The programme only applies to non-EU foreign nationals from countries with which Spain has signed bilateral social security agreements. These agreements guarantee workers’ social rights and enable the payments made in Spain to be calculated along with those that are made subsequently in the home country, with the aim of guaranteeing future pensions. However, the option to extend this programme to other countries is also allowed for, provided that these countries are deemed to have adequate mechanisms to guarantee workers’ social protection.
Aim of reducing unemployment
Another significant feature of the programme is that the participants cannot return to Spain before the end of the three-year term. This is to avoid situations that contravene the main objective of the programme – namely, to slow the increase in unemployment through the return of unemployed migrants. It is worth remembering that the measure was approved in September 2008, when the economic recession began to hit Spain. In fact, the third quarter of 2008 marked the first time since the start of the global crisis that the Spanish economy began to contract, declining by 0.2%. Unemployment rose to 11%, with the unemployment rate among the country’s foreign population standing at 17%. According to the Spanish Labour Force Survey (Encuesta de Población Activa, EPA), in the third quarter of 2008, unemployment had increased among the foreign population by 623,000 persons over the last year – or by 64% in relative terms.
The programme was therefore introduced at a time marked by the onset of an economic crisis and rising unemployment among the foreign population. As a result, measures have been introduced to help reduce the supply of foreign labour – such measures include reducing the list of hard-to-fill professions, which determines the type of jobs that the foreign population can cover, and reforming the immigration law approved earlier this month, which set tougher conditions for reuniting migrant families.
Results of assessment
One year after the programme was approved, the Minister for Work and Immigration, Celestino Corbacho, has presented a positive assessment of the programme to the Immigration Policy Delegate Committee (Comisión Delegada para Políticas de Inmigración). The results show that 10% of the target population have taken up the offer, with 8,724 applications being made, mostly in the regions of Spain’s capital Madrid, Catalonia in the northeast and Valencia in the east. The average lump-sum amount paid to the participants is about €9,148 and around €52 million has already been paid out since the plan was launched.
In terms of the recipients’ countries of origin, the South American countries predominate – especially Ecuador (44% of recipients) and Columbia (18%), followed by Argentina (10%), Peru (9%), Brazil (5%), Chile (4%) and Uruguay (4%).
Regarding family members covered by the programme, the report shows that a total of 3,706 individuals have benefitted, with more than €3 million being given in travel-finance assistance.
Social partner views
Based on these figures, the Ministry of Work and Immigration has concluded that the programme has ‘reasonably met its objectives’, stating that 10% of the target population seems to be in line with the initial forecasts.
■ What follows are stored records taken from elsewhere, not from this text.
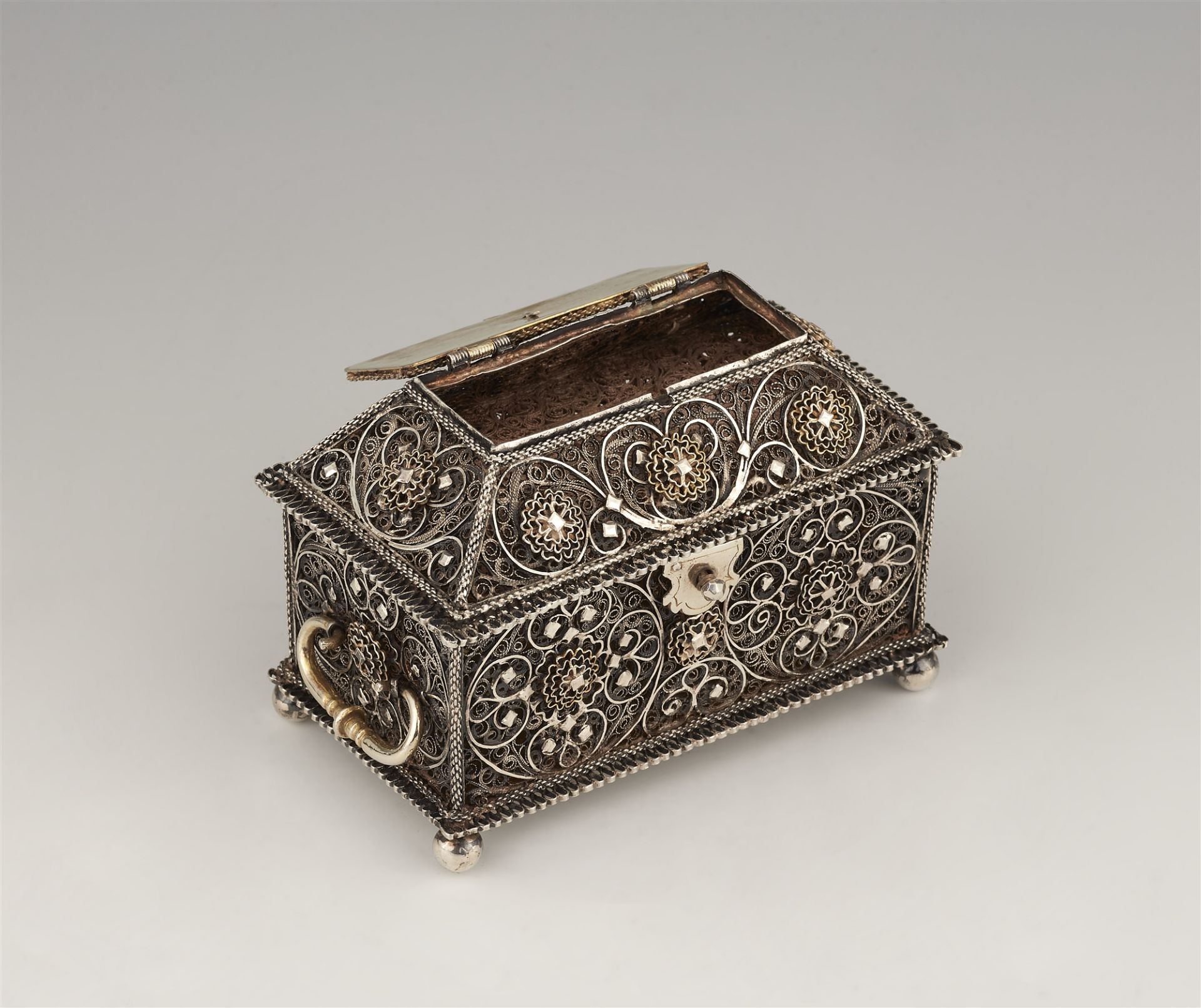 A parcel gilt silver filigree box - Image 2 of 2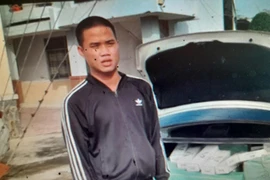 Khởi tố tài xế chở gần 10.000 gói thuốc lá ngoại nhập lậu 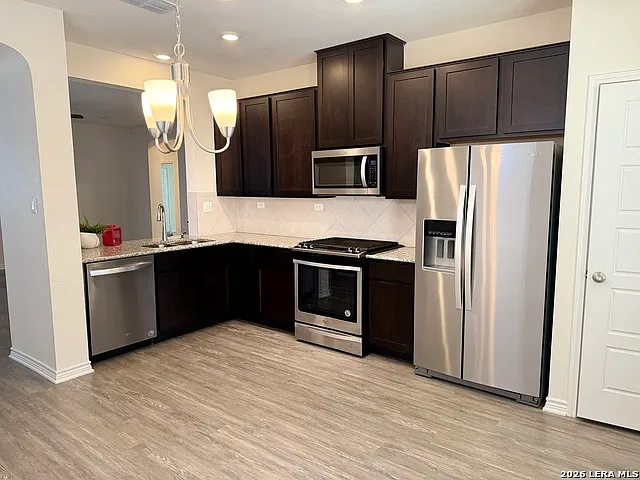 3 bed, 2.0 bath, 1516 sqft, $2,250 — Photo 3
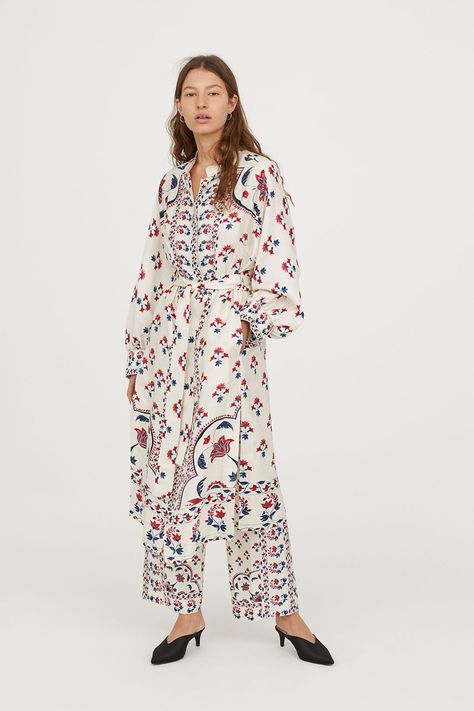 Break out of minimalism with these #bold pieces for #Spring - #patterned #printed #linen #kimono #set Kimono Set, Indian Prints, Printed Linen, Cool Costumes, Kimonos, Sliders, Linen Blend, Spring Fashion, Fashion Blog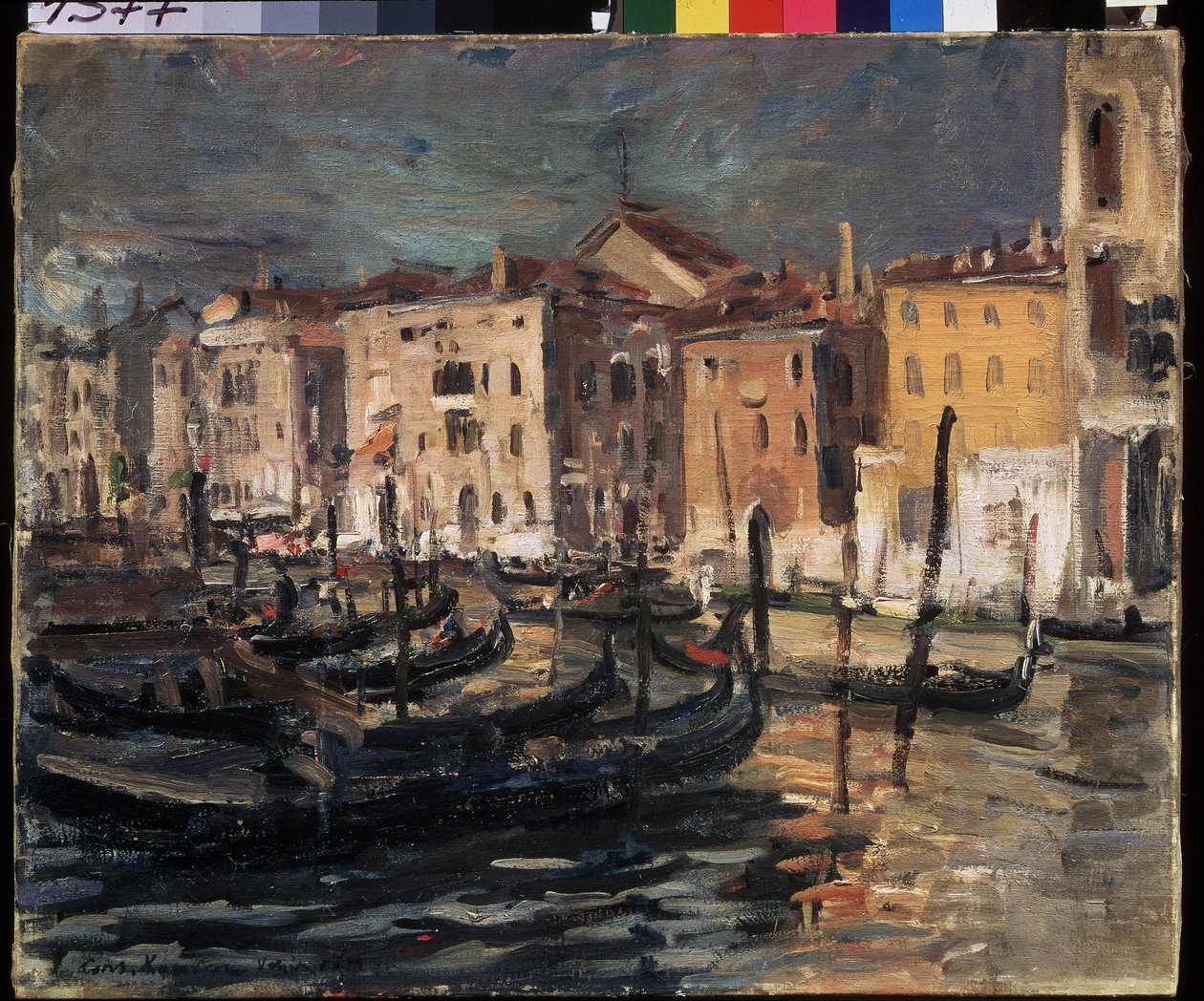 Venetsia (Italia) (Venetsia). Grand Canal Venetsian laguunissa, jossa laiturit, gondolit ja rakennukset valaisevat auringon ankaran valon. Maalaus Konstantin Aleksejevitš Korovin (Konstantin Korovin) (1861-1939), öljy kankaalle tekijältä Konstantin Alekseevich Korovin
However, the main trade unions – the General Workers’ Confederation (Unión General de Trabajadores, UGT) and the Trade Union Confederation of Workers’ Commissions (Confederación Sindical de Comisiones Obreras, CC.OO) – expressed their regret that the government had not accepted their proposal for a moratorium under which migrants without work can renew their residency card in Spain. The trade unions contend that there is a high number of non-EU foreigners who are unemployed and do not wish to access the programme, but who are unable to renew their residency card.